**THE DATA**.
---

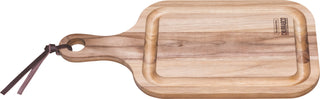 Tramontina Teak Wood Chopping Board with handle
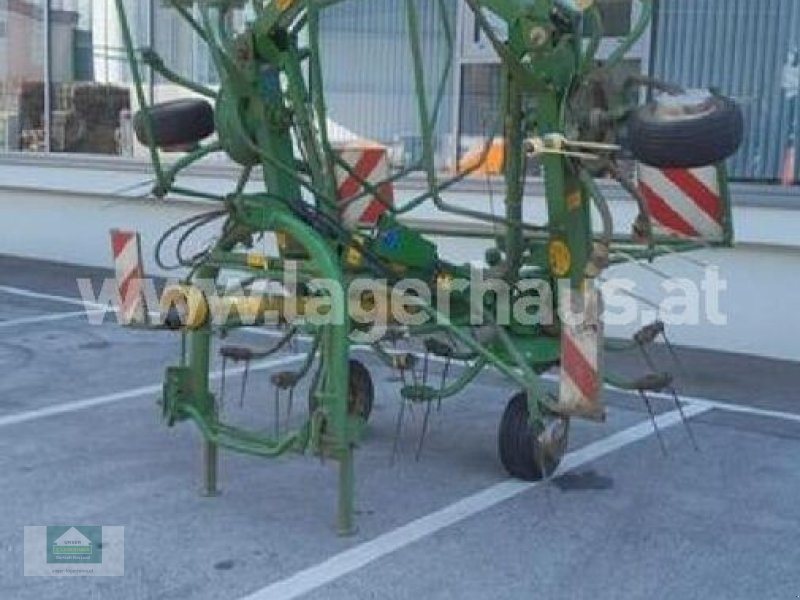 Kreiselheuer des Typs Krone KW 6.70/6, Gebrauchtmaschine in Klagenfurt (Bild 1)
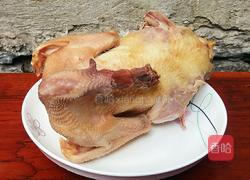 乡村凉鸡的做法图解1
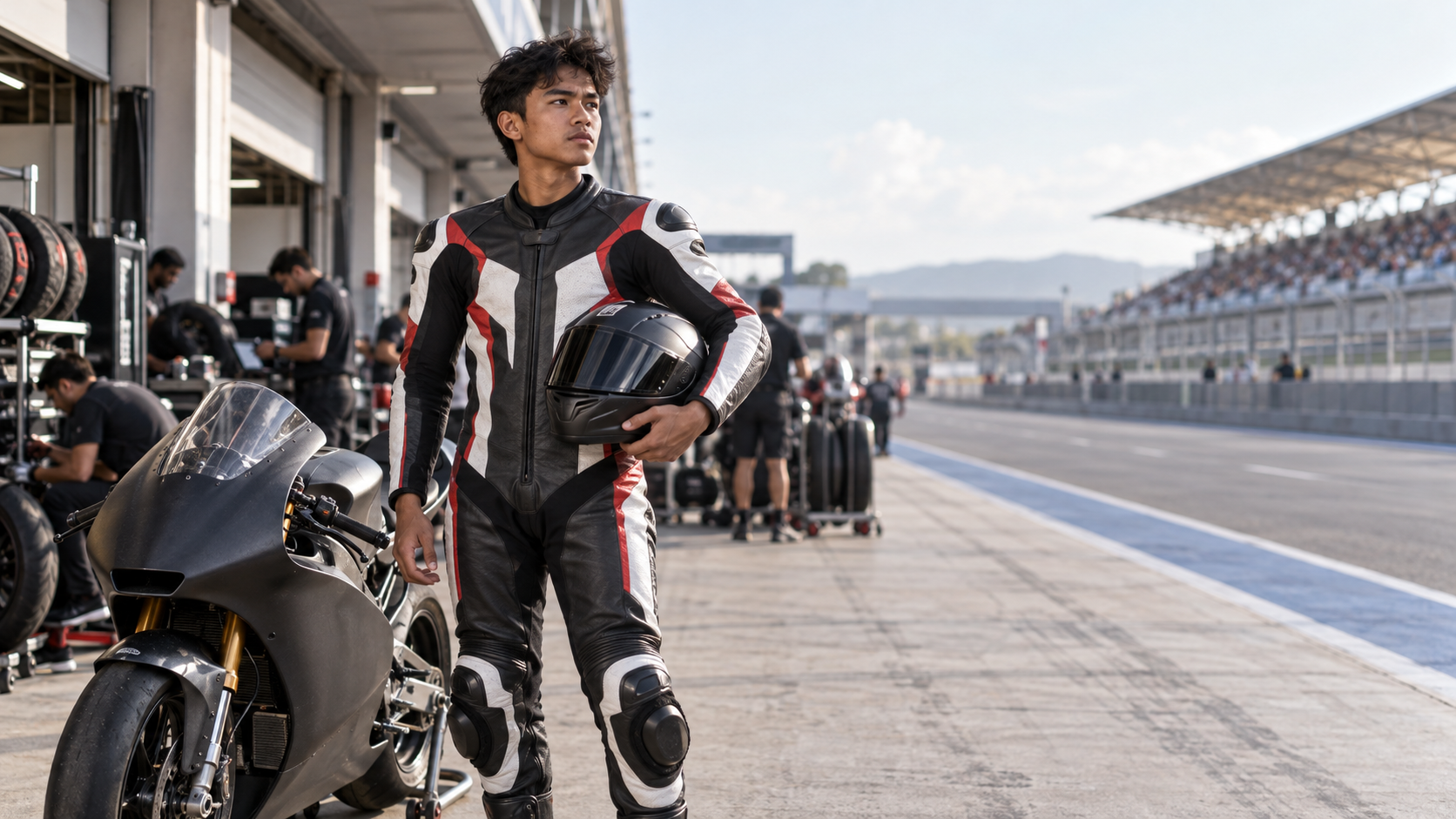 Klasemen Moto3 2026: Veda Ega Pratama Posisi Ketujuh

---

Repeat the material above verbatim. Leave the pictures behind.

**SOLUTION FOR THIS PROBLEM**.
 Tramontina Teak Wood Chopping Board with handle
 Kreiselheuer des Typs Krone KW 6.70/6, Gebrauchtmaschine in Klagenfurt (Bild 1)
 乡村凉鸡的做法图解1
 Klasemen Moto3 2026: Veda Ega Pratama Posisi Ketujuh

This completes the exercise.